• _WHAT THE TASK ASKS_
Under this line are the records; repeat exactly the lines starting at the one containing "Investment in Waterlooville - photo 4" and ending at the one containing "Thumbnail: 2024 Volvo S60 - 2", omitting pictures.
BEGIN DATASET EXTRACT
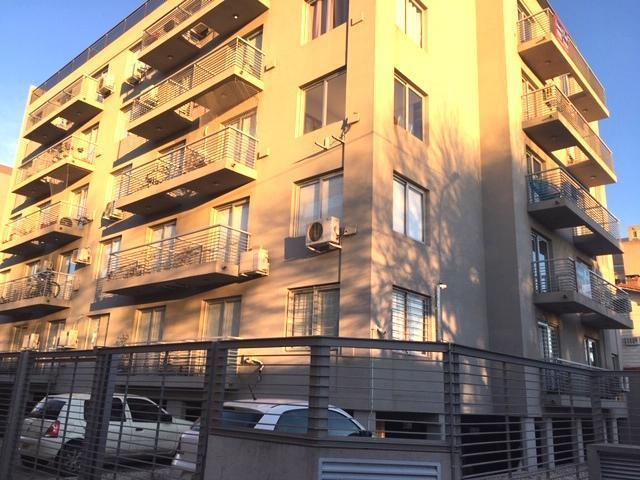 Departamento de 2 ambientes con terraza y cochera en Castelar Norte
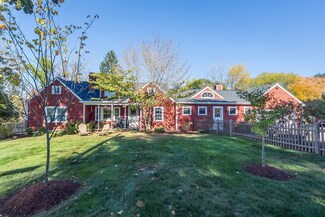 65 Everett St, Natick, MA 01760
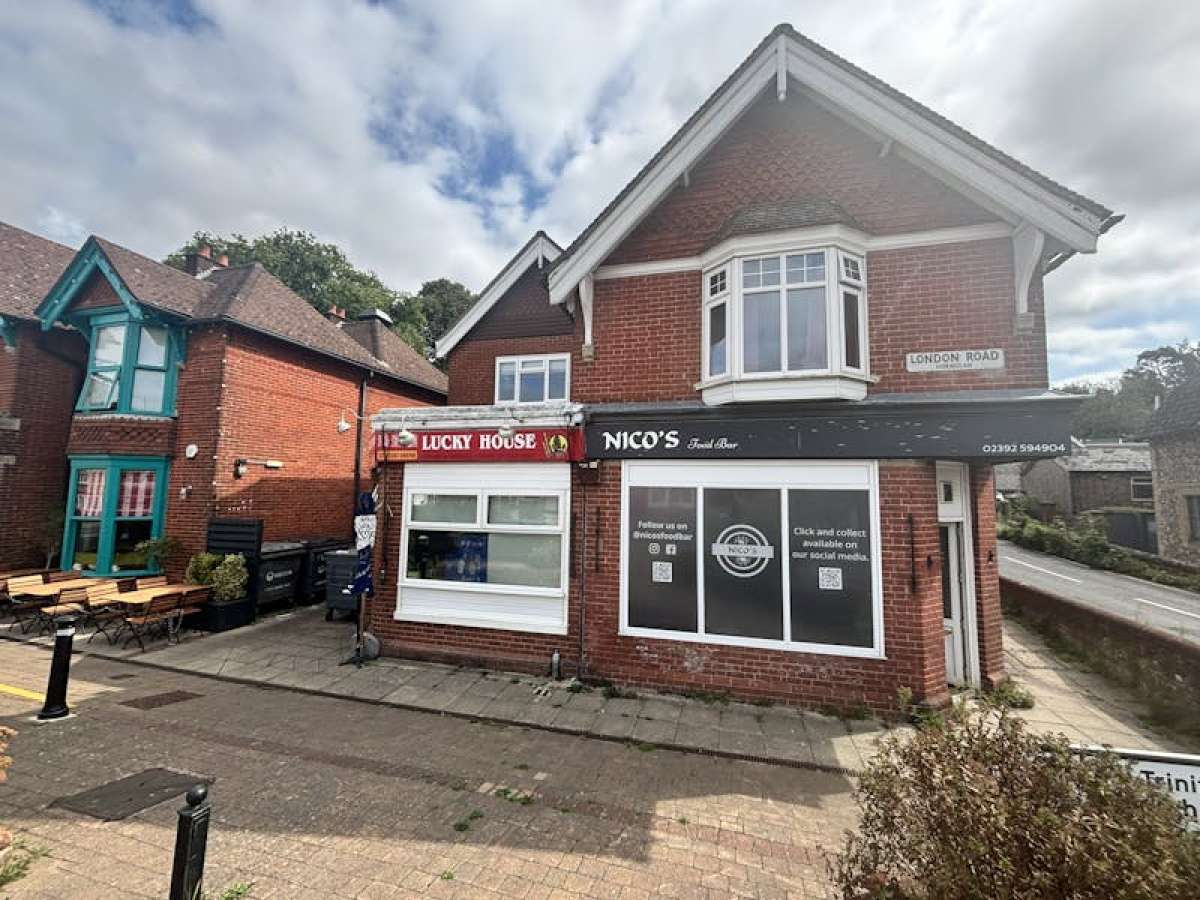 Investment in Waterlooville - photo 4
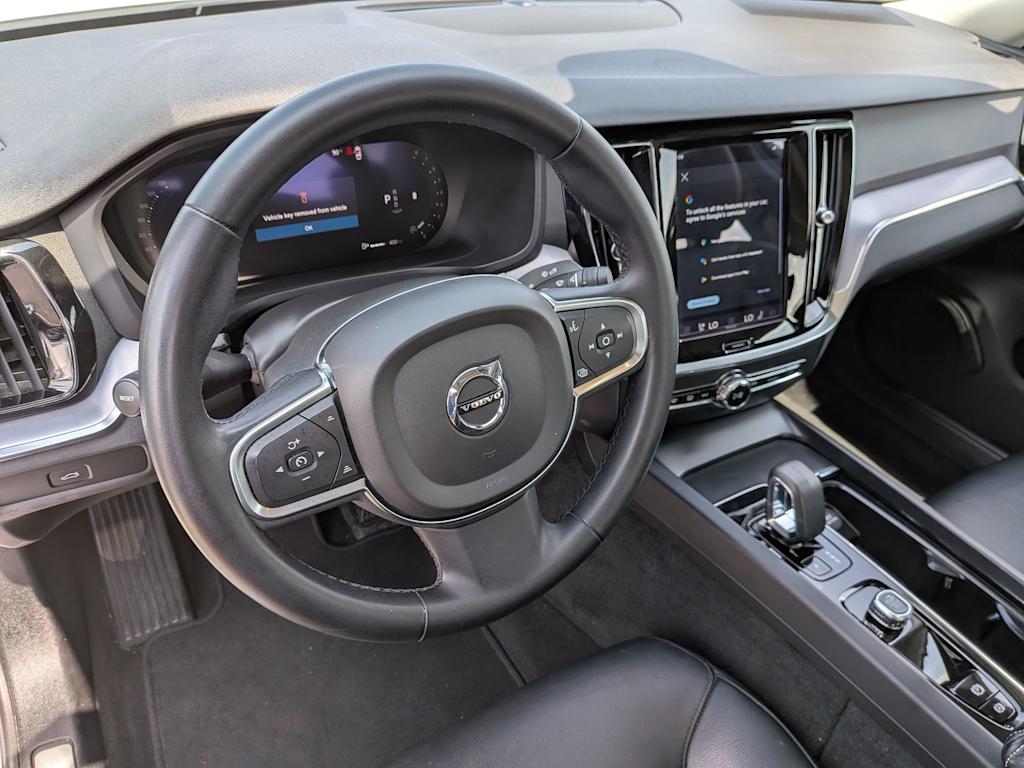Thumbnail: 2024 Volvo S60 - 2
END DATASET EXTRACT
BEGIN DATASET EXTRACT
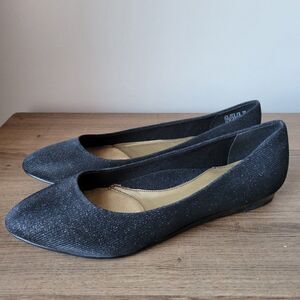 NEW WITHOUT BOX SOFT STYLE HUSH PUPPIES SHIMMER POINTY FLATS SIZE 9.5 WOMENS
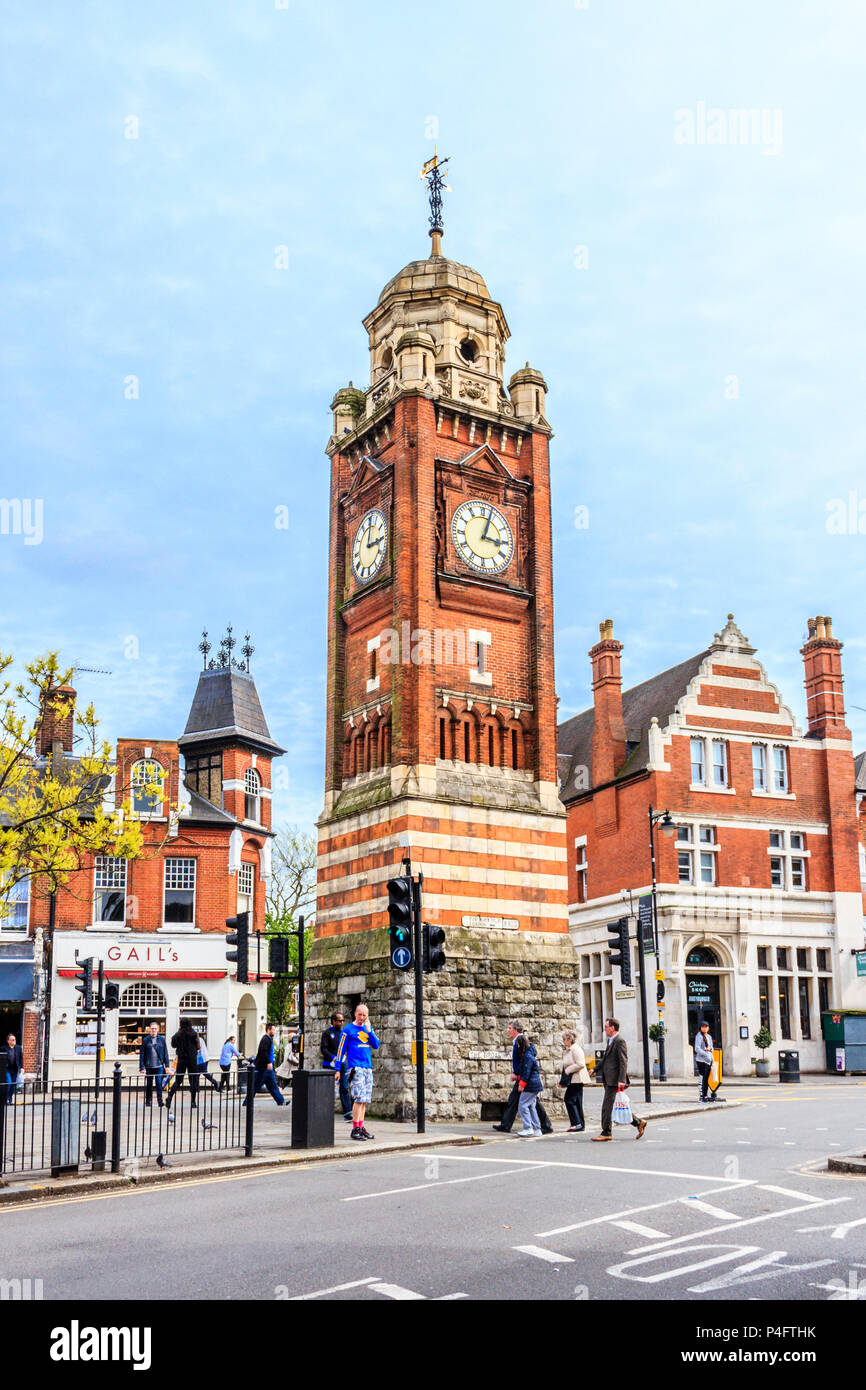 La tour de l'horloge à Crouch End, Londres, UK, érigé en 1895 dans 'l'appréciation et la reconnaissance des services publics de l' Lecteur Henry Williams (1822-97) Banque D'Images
END DATASET EXTRACT
BEGIN DATASET EXTRACT
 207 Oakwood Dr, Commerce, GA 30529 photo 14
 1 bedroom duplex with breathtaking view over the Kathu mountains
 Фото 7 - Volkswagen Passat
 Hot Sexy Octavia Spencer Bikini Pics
END DATASET EXTRACT
• _ANSWER SPACE_
 Investment in Waterlooville - photo 4
Thumbnail: 2024 Volvo S60 - 2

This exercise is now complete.